Proofreadable base64 (was Re: Printing Keys and using OCR.)
Casey Jones
groups at caseyljones.net
Tue May 29 13:01:55 CEST 2007
Peter S. May wrote:
> After this, the first part of the
> line is repeated, except it is as if it were filtered
> through the command:
>
> tr 'A-Za-z0-9+/=' '0-9A-Z+/=a-z'
>
> That is, for every "REGNADKCIN" that appears
> on the left side, there is
> a "H46D03A28D" on the right side.
That's a clever way of dramatically increasing the "uniqueness" of each
character to reduce the ambiguity of the OCR. It would be useful for
both error detection and error correction. If it could be integrated
into the OCR engine itself, it would be even more effective.
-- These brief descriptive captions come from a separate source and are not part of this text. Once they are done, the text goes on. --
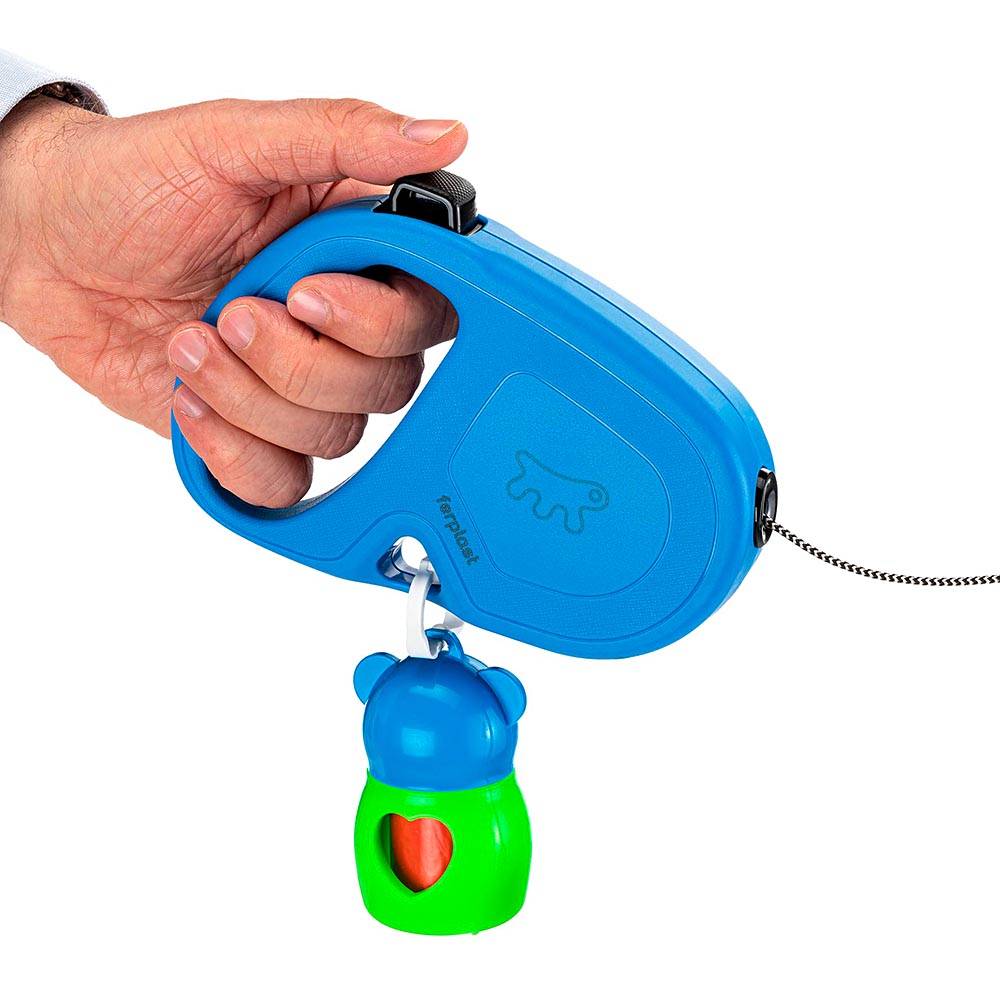 Ferplast - Ferplast Laisse Chien Enrouleur FLIPPY ONE, Laisse pour Grands Chiens jusqu'à 35 Kg. Cordon Extensible max 5 m. Bouton unique pour verrouiller et - Image 4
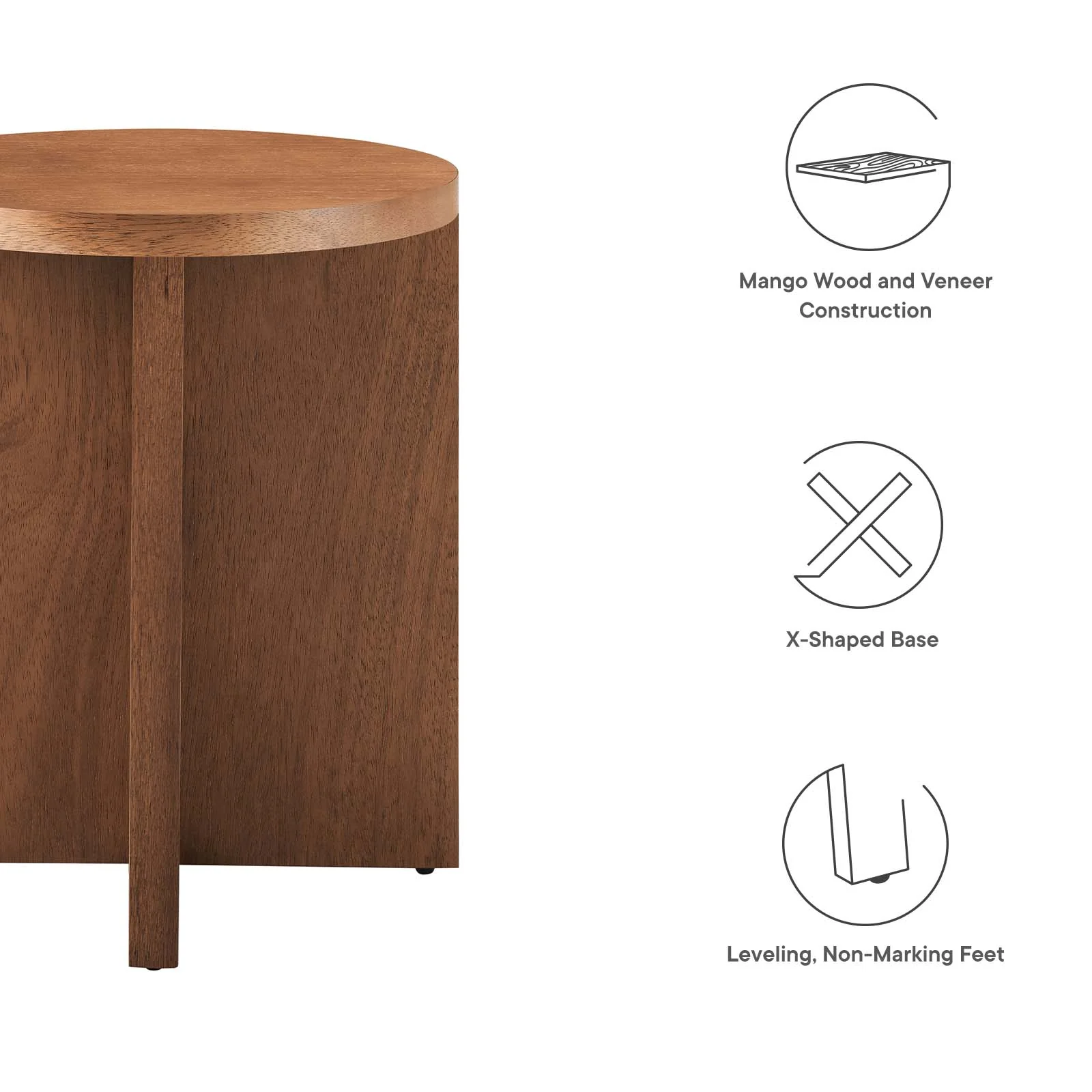Silas Round Wood Side Table By Modway - EEI-6579 - Image 21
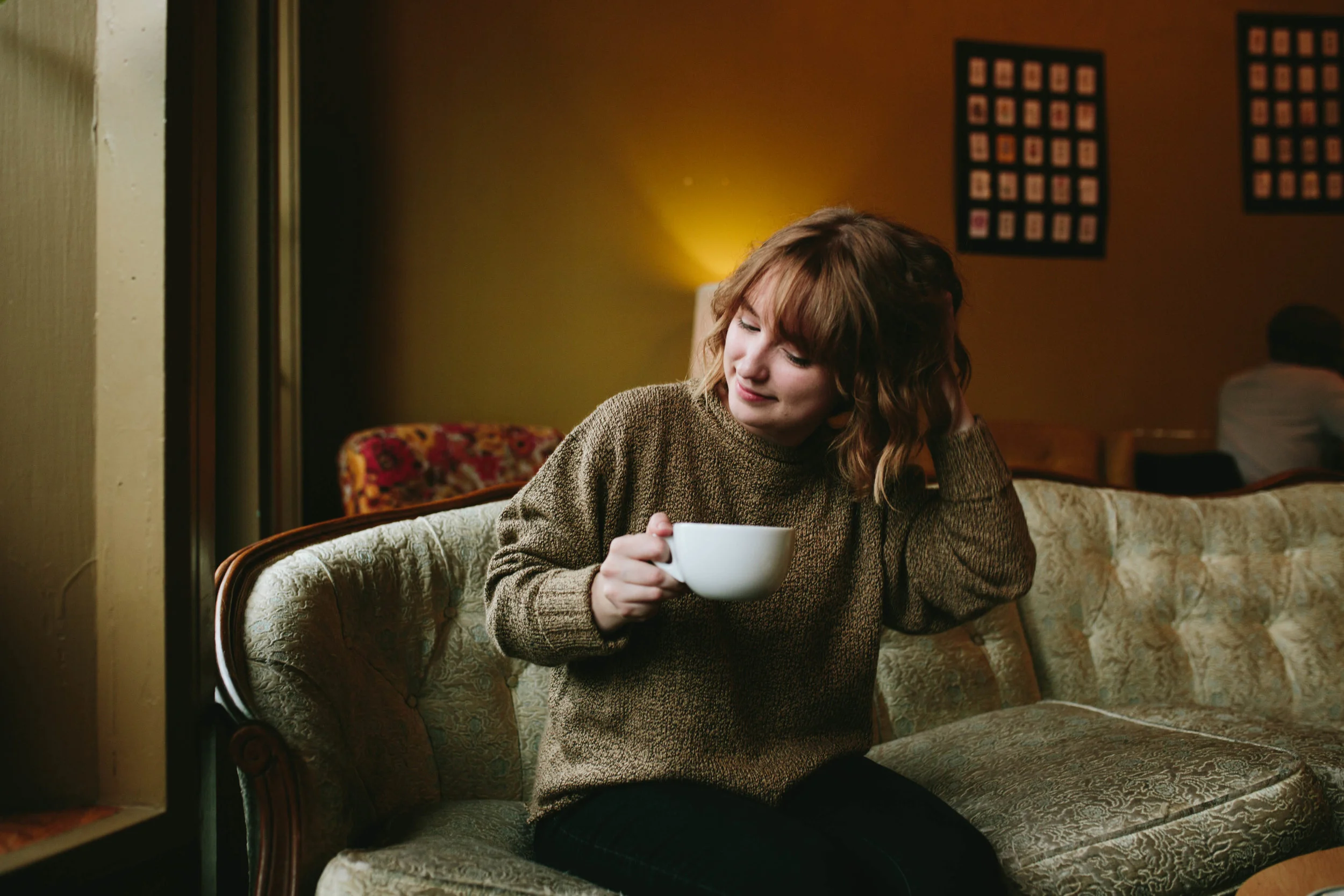 Sunergos Coffeeshop Senior Portrait Session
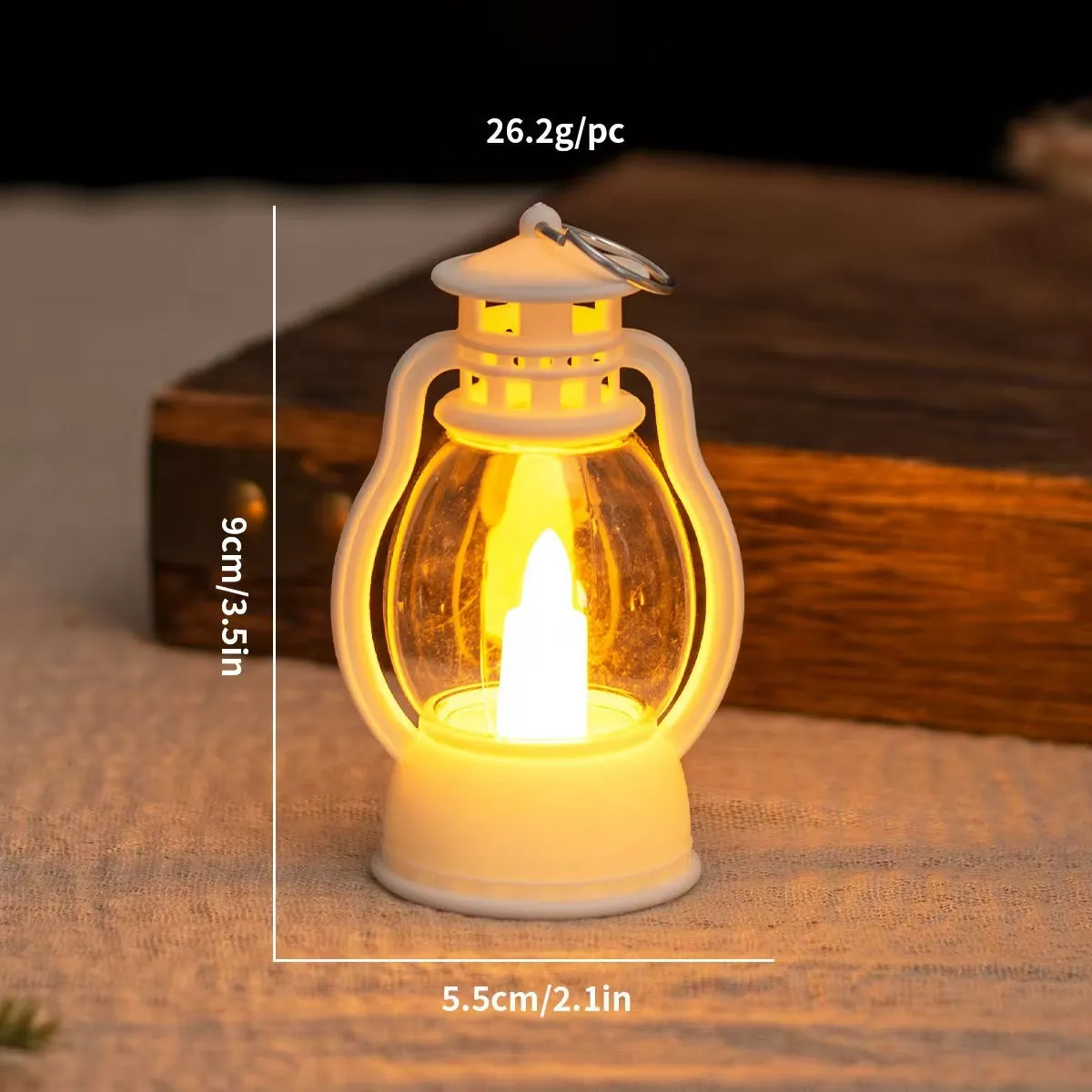 Creative electronic candle craft barn lantern layout decoration in black PP material for bar hotel use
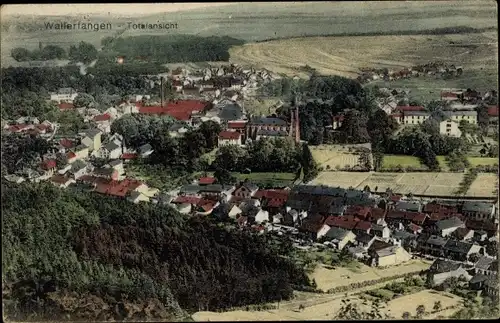Ak Wallerfangen im Saarland, Totalansicht
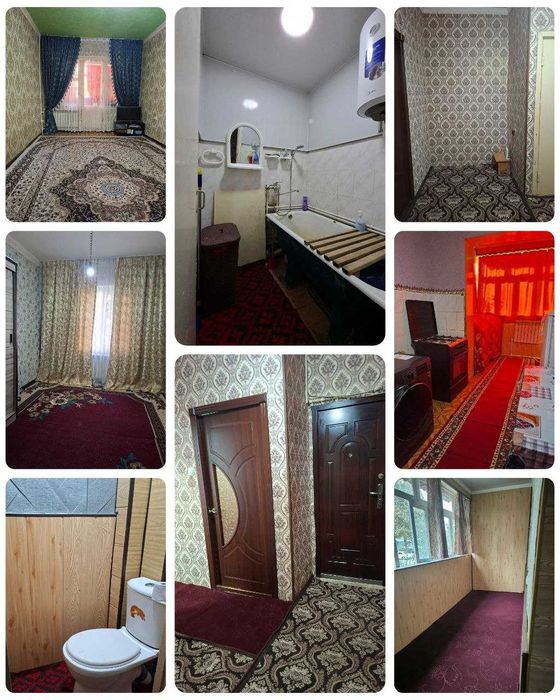 10-микрорайон 26-маршрутка олдида 1-қаватда 2-хонали квартира сотилади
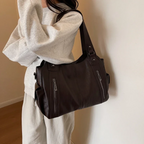 Soho | Uma – Dual Zipper Shoulder Bag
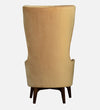 Classic Velvet Wing Chair in Mustard Colour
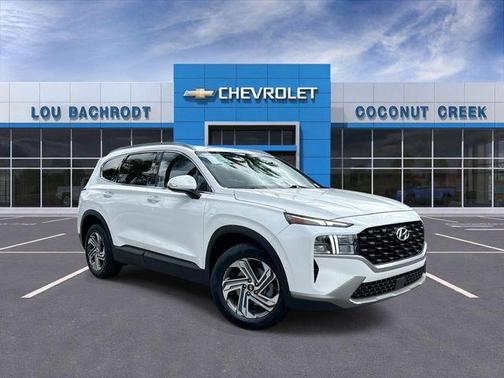 White Pearl 2023 Hyundai SANTA FE SEL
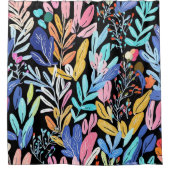 Vivid Botanical Duschvorhang (Vorderseite)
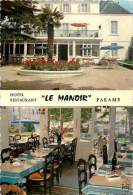 PARAME HOTEL RESTAURANT LE MANOIR CARTE MULTIVUES AVEC PUBLICITEE AU VERSO - Parame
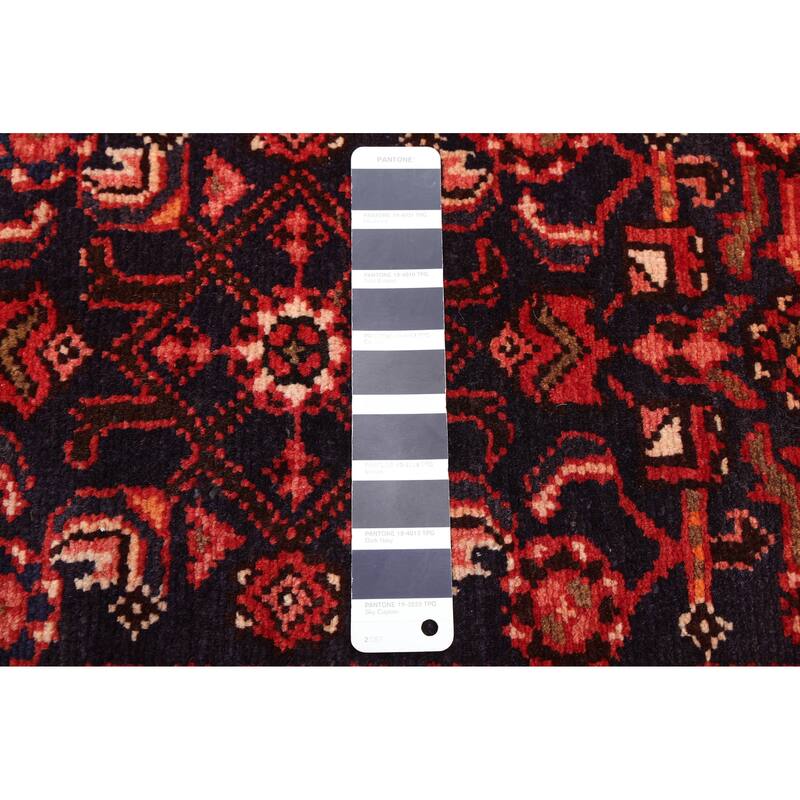 ECARPETGALLERY Hand-knotted Andelz Dark Navy Wool Rug - 3'5 x 10'8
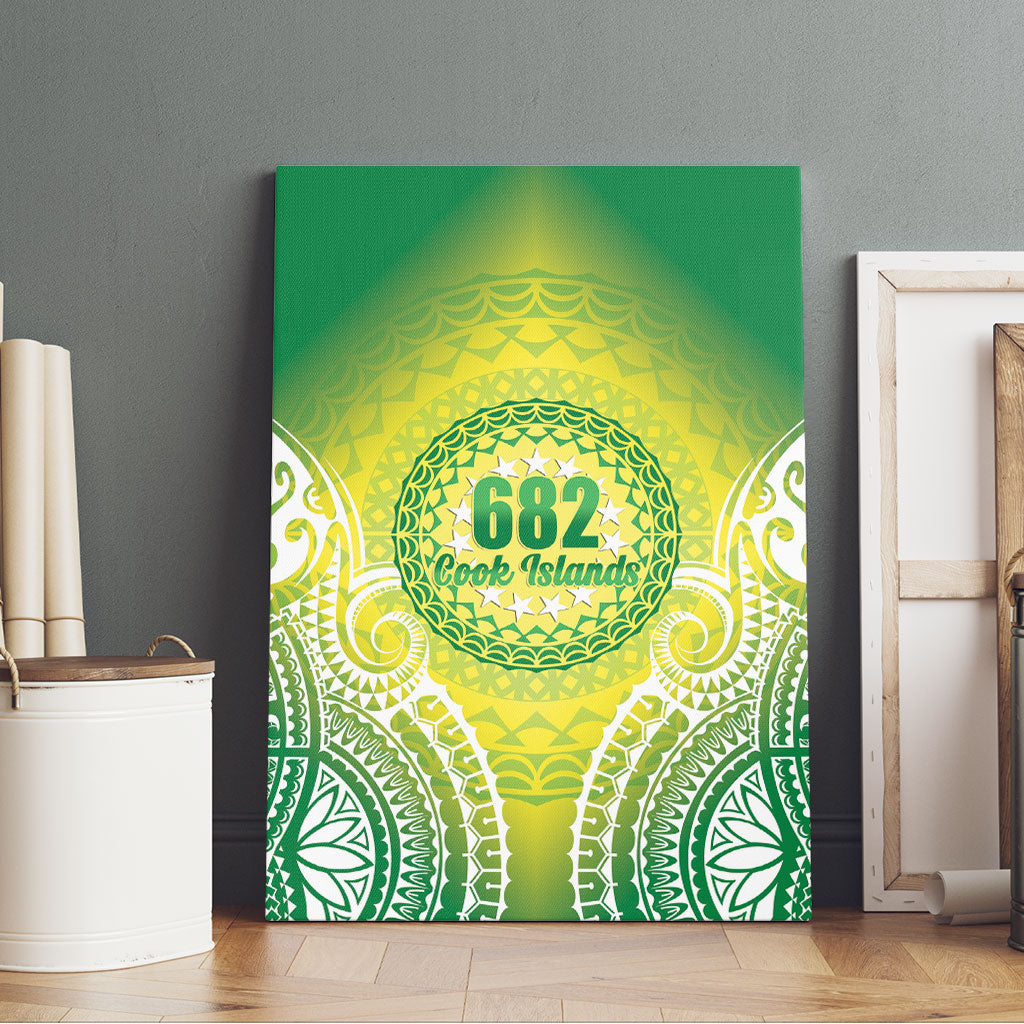 Cook Islands 682 Canvas Wall Art Kuki 'Airani Area Code Proud LT14 - Polynesian Pride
Although
Gallager or Turbo Codes would give much better error correction for a
given storage space, your method would be way easier to implement.
I'm leaning strongly against base64. There are just too many characters
that can be easily confused. Base32 would be nearly as dense (5 bits
instead of 6, per char) and would allow many tough characters to be left
out. A simple conversion chart for base32 chars could take up just one
line at the bottom of the page. The conversion to base32 and back would
be very easy. Selecting the unambiguous 32 characters to use as the
symbol set would require some care. Maybe some testing to find out which
symbols the OCR programs get wrong most often.
> ...this wouldn't be the first time this sort of thing were done.
The only thing I've found similar is the Centinel Data Archiving Project.
http://www.cedarcreek.umn.edu/tools/t1003.html
The pdf file is a much clearer explanation than the other two.
Centinel seems to be just an error detecting code at the beginning of
each line. This might be good enough, but I'm starting to think that
some error correction would be highly desirable. Even a little error
correction could be a huge advantage over just error detection.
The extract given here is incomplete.